Image Credits: Highlights and images for 20 June 2023 ( The “family picture” of the BBNJ’s team, 20th June 2023


As COP28 unfolded in Dubai, reporters and pundits around the world touted a daunting narrative, portraying the diplomatic conference as “our last chance” before a climate breakdown. However, environmental diplomacy has never been limited to one summit a year, and as we speak, dozens of negotiations are taking place to build an international legal network on the environment, piece by piece. Their scopes are far wider than just climate change, encompassing biodiversity loss and pollution, which are all interlinked. Relying on the Earth Negotiations Bulletin (ENB), let’s take a look at the archives of green diplomacy, with the example of two “blue” treaties that teach us more about how environmental treaties come about, providing an alternative point of view on the efficacy of environmental negotiations.

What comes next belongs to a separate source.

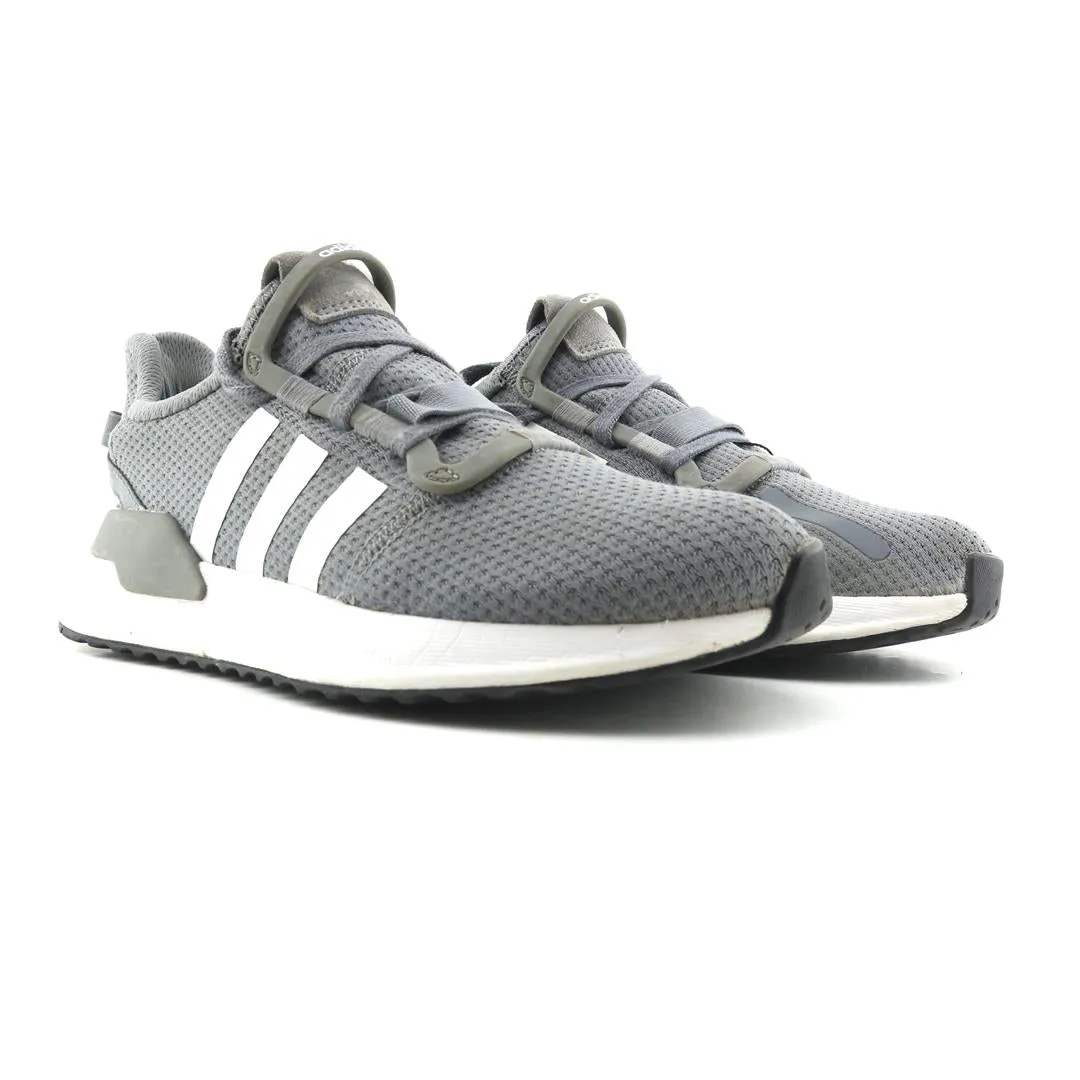 Trail Running Shoes With Wide Toe Box ADIDAS U-PATH RUN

The Earth Negotiations Bulletin

The ENB is an initiative, by the International Institute for Sustainable Development, that provides fact-based reports on United Nations environmental negotiations. Their team of researchers, academics and experts attend diplomatic conferences worldwide to summarise them for all their subscribers for free. They administer two other newsletters: 1) on the global implementation of the Sustainable Development Goals and 2) on jobs in climate change-related careers. This makes the ENB a useful tool for any student interested in following the current trends in green diplomacy. 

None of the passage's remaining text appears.